Cost: Free!  There is also an optional buffet serving Italian food (pizza, pasta, salad, etc.) and soft drinks. $5 for members, $15 non-members

Zoom Link: This presentation will also be webcast for remote viewers.

Join Zoom Meeting

Tel: 669-900-6833
Meeting ID: 890 5901 2913

(photo by NOAA on Unsplash)


Tsunamis are large waves triggered by earthquakes, eruptions, or underwater landslides. These underwater waves travel at approximately 500 MPH when at sea and 20-30 MPH at shore. Early detection of tsunamis helps public safety authorities direct coastal populations out of harm’s way, saving countless lives around the world from ocean waves that can as high as 100 feet.

Vigilance in monitoring conditions

The countries use seawater temperature and pressure readings collected by our buoys for calculations of water height above the sea floor.

The buoys make measurements in near real time and typically transmit data reports via satellite every few hours; during tsunami events, the frequency of transmissions is higher. This vital information contributes to the estimation of impacts and planning of evacuations.

The buoys use tsunameter technology licensed from the National Oceanic and Atmospheric Administration (NOAA) and are enhanced versions of NOAA’s own buoys. In turn, the agency has acquired buoys from the Science Applications International Corporation (SAIC).

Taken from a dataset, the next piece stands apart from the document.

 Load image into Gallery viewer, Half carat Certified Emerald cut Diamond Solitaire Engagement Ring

The buoys are also several generations mature, with more advanced components and greater robustness to reliably provide high-resolution measurements. SAIC continues to collaborate with NOAA in their ongoing development.

Important work to make the world safe

Around 85 percent of all commercially deployed buoys are from SAIC. At a 17,000-square-foot facility in Poway, California, the SAIC team builds these systems that must work in some of the globe’s roughest open waters.

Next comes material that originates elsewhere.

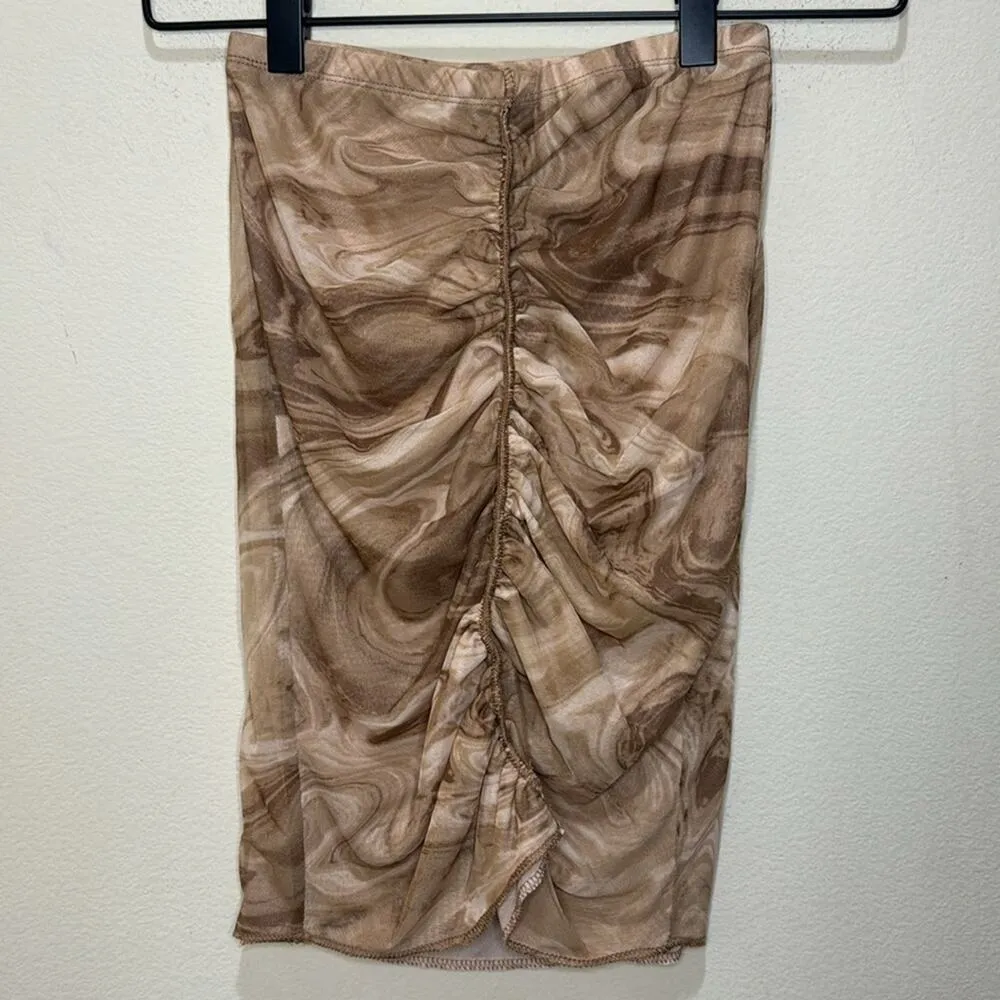 naked wardrobe Mesh Front Ruched Skirt - Marble Coco Size XS - Image 4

The team members perform oceanographic reviews of potential buoy deployment sites, coordinate with NOAA, and monitor deployed systems. Some go out to sea for months at a time to deploy or recover systems that need reconditioning.

This work is a critical piece of larger scale efforts to prevent tragedies like the 2004 Indian Ocean tsunami that claimed almost 228,000 lives in 14 countries.

For almost 19 years, SAIC has been building deep-sea sensor buoys that continuously record and transmit oceanic measurements for use in forecasting and alerts. They have deployed over 45 observational buoy systems for nation-state customers that include Australia, Chile, China, India, Japan, Russia, Taiwan, and Thailand—vulnerable countries along the seismically active Pacific Rim.


Presenter: Mr. John Quigley

John Quigley is a Principle Systems Engineer at the Science Applications International Corporation (SAIC) in San Diego, California. During his extensive career, he has supported numerous technical programs in support of the U.S. Navy at the Naval Information Warfare Systems Command (NAVWAR) and the Naval Information Warfare Center Pacific (NIWC-Pacific). In addition to being a long-time member of INCOSE, John has served INCOSE and the San Diego chapter for over 10 years in roles such as chapter President and, more currently, as the principle chapter overseer of chapter activities for compilation and scoring in INCOSE’s yearly chapter awards program, directly resulting in the chapter achieving Best chapter in 2019 and the Platinum award for five consecutive years.